Monday – June manufacturing PMIs from S&P and the Institute for Supply Management (ISM). Also, construction spending for May. Tuesday – Fed Chairman's speech. Also, May JOLTS. Wednesday – June ADP employment report. Two service sector June PMIs from S&P and ISM. Also, May trade deficit and factory orders, Fed minutes. Also, initial jobless claims for the week ending June 29th. Thursday – No report, markets closed for Independence Day. Mortgage rates expected to remain unchanged. Friday – June employment report
Like last week, Friday is the big day.
Time to move? Find the mortgage that's right for you
Next week's mortgage interest rates forecast
Again, I have to refrain from making predictions about what mortgage rates will do next week, as the direction of rates will likely change with Friday's jobs report, and I have no idea what that means.
How home loan interest rates are determined
The bond market generally determines mortgage and refinancing interest rates, and is where mortgage-backed securities trade.
And it depends a lot on the economy: mortgage rates tend to be higher in good times and lower in bad times, but inflation can counterbalance these trends.
Your role
But there are five roles you play in determining your mortgage interest rate: And you can have a big impact on your rate in the following ways:
Shop around for the best mortgage rate — rates vary widely from lender to lender Increase your credit score — even a small increase can make a big difference in your interest rate and payment Save up as large a down payment as you can — lenders want you to be serious about the game Stay modest on your other borrowing — the fewer other monthly commitments you have, the larger the mortgage you can pay Choose your mortgage carefully — is a conventional, conforming, FHA, VA, USDA, jumbo, or another loan better for you?
Taking the time to prepare these things can help you win a lower interest rate.
Remember, these aren't just mortgage rates
When calculating how much of a mortgage you can afford, be sure to factor in all of the upcoming costs of homeownership.

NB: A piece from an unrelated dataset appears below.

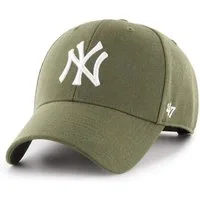 New York Yankees Baseball Cap New York Yankees '47 MVP SNAPBACK MLB Sandalwood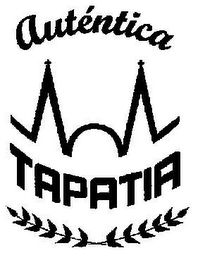 AUTÉNTICA TAPATIA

Keep an eye out for something called “PITI,” which means:
Principal — the repayment of the amount borrowed Interest — the cost of borrowing money Taxes — especially property taxes Insurance — especially homeowners insurance
Our mortgage calculator can help you with this.
Depending on the type of mortgage and the size of your down payment, you may also have to pay mortgage insurance, which can easily reach triple figures each month.
But there are other potential costs, too: Namely, if you choose to live somewhere with an HOA, you'll have to pay homeowner's association dues. And no matter where you live, you should be prepared for repair and maintenance costs, so you don't have to worry about having to contact your landlord if something goes wrong.
Finally, it's hard to forget about closing costs, which are reflected in the annual percentage rate (APR) offered by your lender, which essentially spreads the costs over the life of the loan, meaning that the rate will be higher than a typical mortgage interest rate.
But you may be able to get help with closing costs and down payments, especially if you're a first-time home buyer. Learn more:
State down payment assistance programs for 2023
How to calculate mortgage interest rates
Every day, Mortgage Report receives interest rates based on your chosen criteria from multiple lending partners. It calculates the average interest rate and APR for each loan type and displays them in a chart. It averages the different interest rates so you get a more accurate picture of what interest rates you can find in the market. It also calculates the average interest rate for the same loan type, for example, FHA fixed rate vs. FHA fixed rate. The result is a clearer picture of your daily interest rates and how they change over time.